[Saved entries]

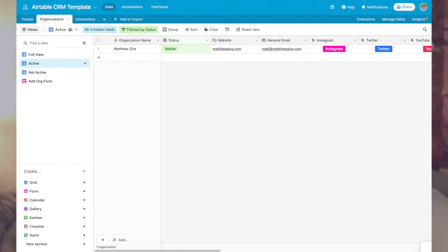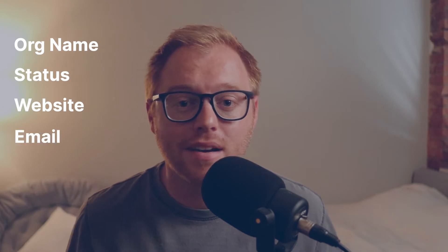The organization table in this Airtable CRM is similar to the people table except it's for an entire organization, not particular people in an organization. We'll link the people to the organization that they are part of using the linked records function of Airtable. In this organization table, we have the following fields: organization name, status, website, general email.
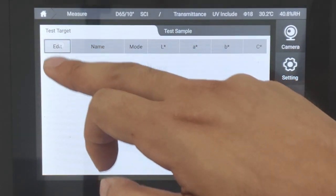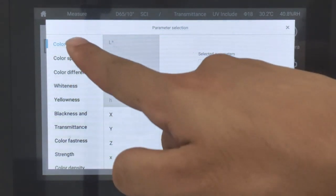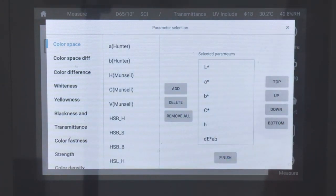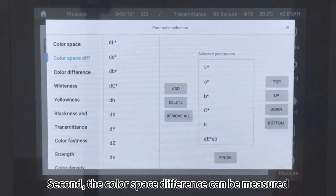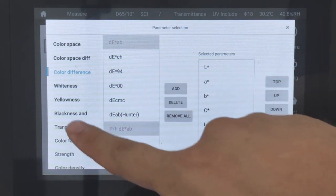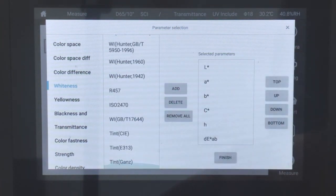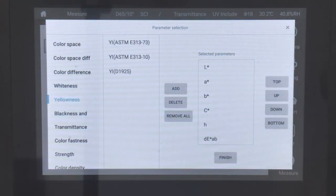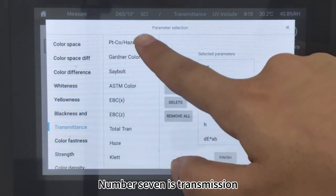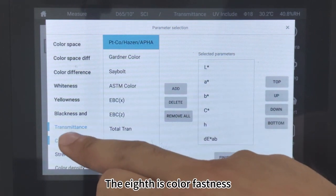Click Edit. The color space value can be measured; gray indicates selected parameters. The color space difference can also be measured. The third is the color difference type. The fourth is whiteness. The fifth is yellowness. The sixth is blackness and grayscale. Number seven is transmission, such as platinum cobalt, Gardner, Saybolt, and so on. The eighth is color fastness.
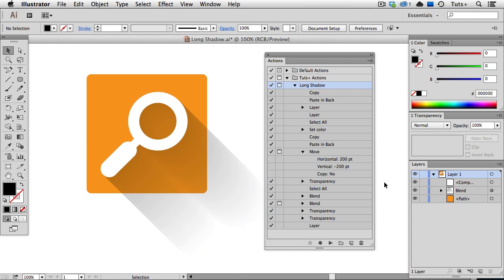So this is a really fast way to create these long shadows now that you've recorded all the steps in an action. If you have lots of icons that are roughly the same size, you can toggle off those dialog boxes, and batch process hundreds of files in minutes.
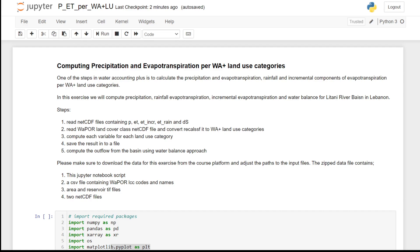Hi everyone, welcome to this exercise. In the previous units we discussed that in Water Accounting Plus we reclassify all land cover categories into four main types of Water Accounting Plus land use categories. These categories are protected land use, utilized land use, managed land use, and managed water use.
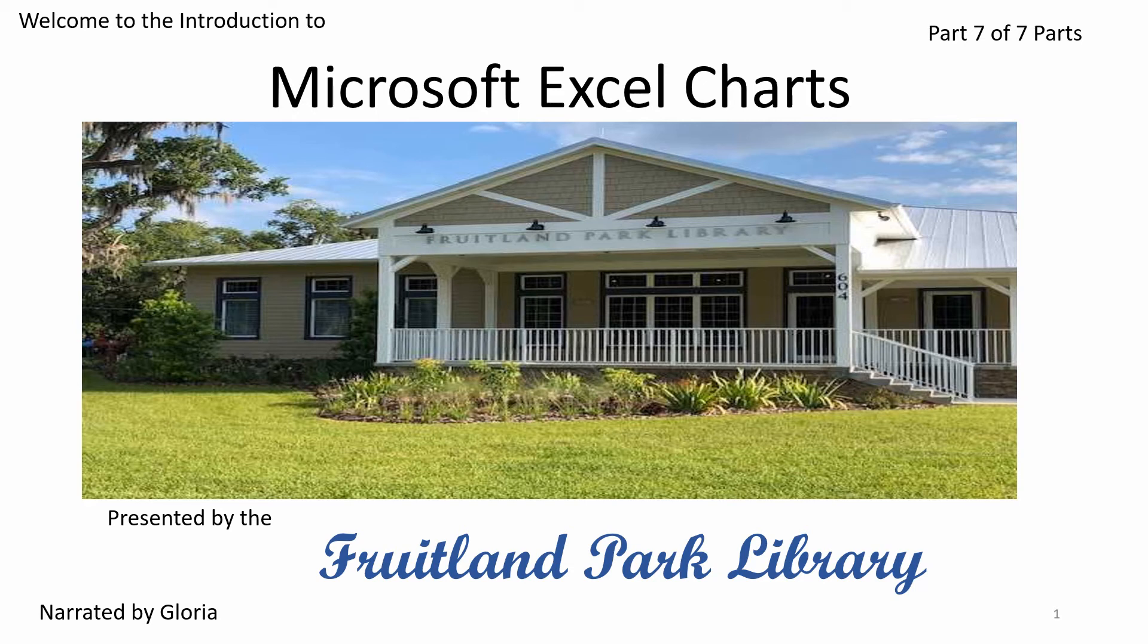Welcome to the Introduction to Microsoft Excel Charts, Part 7 of 7 Parts, presented by the Fruitland Park Library, narrated by Gloria.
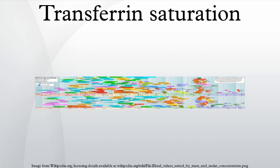Transferrin saturation, 15 to 50%, 12 to 45%. A microgram per deciliter equals micrograms per deciliter.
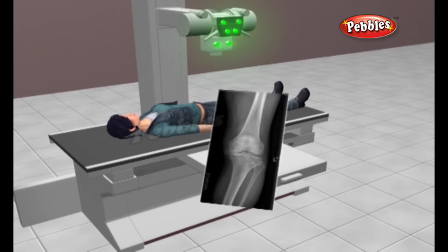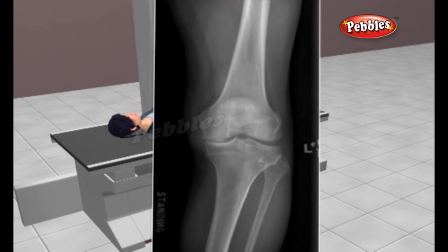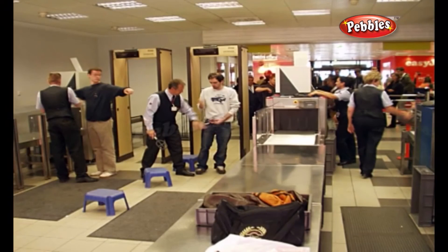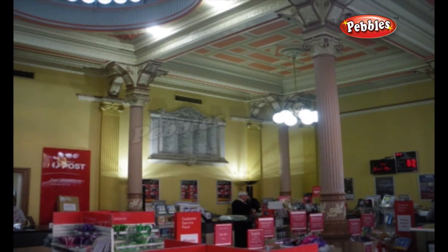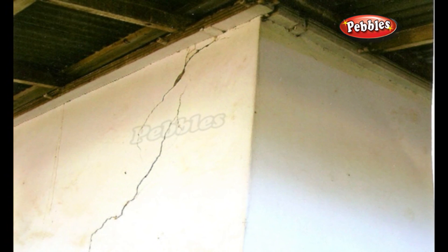X-rays are not just used for imaging the human body for medical purposes. The same basic process is used to scan baggage at many airports, check suspicious packages at a post office or courier depot, and to scan the interior of walls to check for electrical lines and pipes before demolition of the wall.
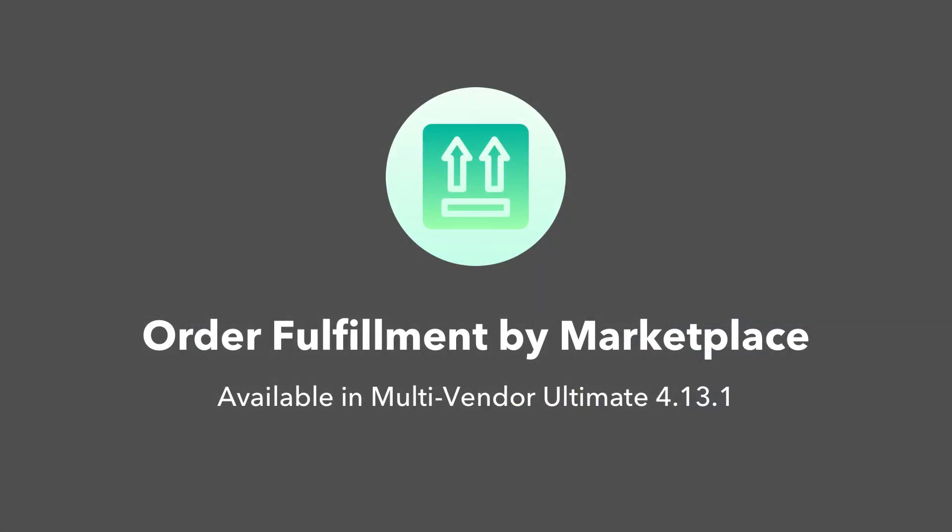Order fulfillment by marketplace is an add-on that's available in multi-vendor ultimate starting with version 4.13.1.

• _ACTIVITY_
In the records above, find the line containing "Click Edit. The" and output every line from the first through that one, exactly, omitting pictures.

• _TASK RESULT_
The organization table in this Airtable CRM is similar to the people table except it's for an entire organization, not particular people in an organization. We'll link the people to the organization that they are part of using the linked records function of Airtable. In this organization table, we have the following fields: organization name, status, website, general email.
Click Edit. The color space value can be measured; gray indicates selected parameters. The color space difference can also be measured. The third is the color difference type. The fourth is whiteness. The fifth is yellowness. The sixth is blackness and grayscale. Number seven is transmission, such as platinum cobalt, Gardner, Saybolt, and so on. The eighth is color fastness.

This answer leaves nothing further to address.